Octobering

Octobering was a naming ceremony which occurred during the early era of the Soviet Union, which involved giving a name to a newborn, introduced by the state on the official basis of Marxist–Leninist atheism as an attempt to replace the religious tradition of christening.

[1][2] The term serves as a translation of two synonymous Soviet neologisms: Oktyabryenie, coined in an analogy to Kreshcheniye, literally, the sacrament of "baptism", and Oktyabriny instead of Krestiny [ru], the latter being a family celebration on the occasion of baptism.

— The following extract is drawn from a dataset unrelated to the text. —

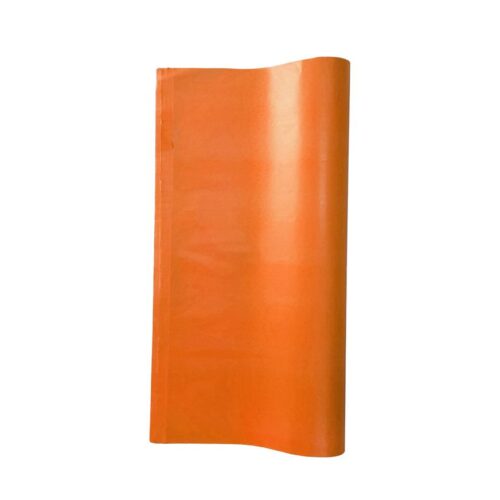 Papel Seda Naranja Cuadernillo X 24 Und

Since the religious symbol of the Christian cross was replaced with the revolutionary symbol of Red Star (Russian: "krasnaya zvezda"), the ceremony was also called zvezdiny, in an analogy with krestiny, the term "to Christen" (Russian: okrestit) was replaced with the term ozvezdit.

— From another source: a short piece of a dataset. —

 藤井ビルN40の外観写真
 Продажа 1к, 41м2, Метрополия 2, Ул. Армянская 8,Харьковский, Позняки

Despite being short-lived,[4] this so-called new Soviet rite contributed to the proliferation of the new names based on revolutionary phraseology, such as Oktyabrina, Vladlen (for Vladimir Lenin), etc.

[2] In the 1988 film Heart of a Dog there is an episode where a mother who brought a newborn baby girl to ozvezdit was given a choice of "revolutionary names": Barrikada, Bebelina, ...

Octobering in 1927.
Octobering in village, 1932.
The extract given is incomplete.